The reason why you have noticed grain problems with printing digital images can be from a number of causes. One could be the camera and the lack of a large enough file size or overly compressed image. The larger the file the better. I can't count how many times a customer has asked my why their digital prints look like crap off a Kodak Picture Maker kiosk and the only thing I can tell them is that their file sizes aren't big enough. As a general rule of thumb, you want a file size of at least 3mb for a decent 4 x 6 and AT LEAST 5mb for a passable 8 x 10 (and that's on dye sublimation paper, a larger file size is probably needed for an inkjet). Okay, another common factor is printers. Printers come in a wide variety of qualities and types.
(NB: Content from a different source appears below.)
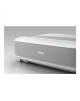 Epson EH-LS650W Full HD Projector /3600Lm/16:9/2500000:1, White Epson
The most common type is the inkjet. For printing quality photos you want one that has at least 6 separate ink tanks, preferably 8. That way you can be assured that you'll get good color reproduction because you'll have the standard colors, cyan, magenta, yellow, and black (CMYK color format), as well as photo cyan, photo magenta, green and red. Then there's the dpi (dots per inch) to consider. Most "freebies," ya know, the ones that come with computers, only have two ink tanks (color and black) and can only do about 1200dpi...which is fine for every day printing (and my crappy HP does some semi-decent 8 x 10's). But, good photo printers will print at levels of at least 2000dpi. The printer I plan on getting, the Canon i990 has 8 ink tanks and can print at a dpi of up to 4800 x 2400 dpi. It can also print up to 13 x 19" borderless prints! Paper is also a consideration. I prefer Canon paper but it really depends on what printer you are using and how it reacts to it. The general rule of thumb is that you get what you pay for! I personally prefer the look of matte paper, but some applications look best on glossy, like shiny cars and motorcyles. I've also experimented with canvas paper which gives landscapes and floral arrangements the look of an actual painting. It's really neat to experiment.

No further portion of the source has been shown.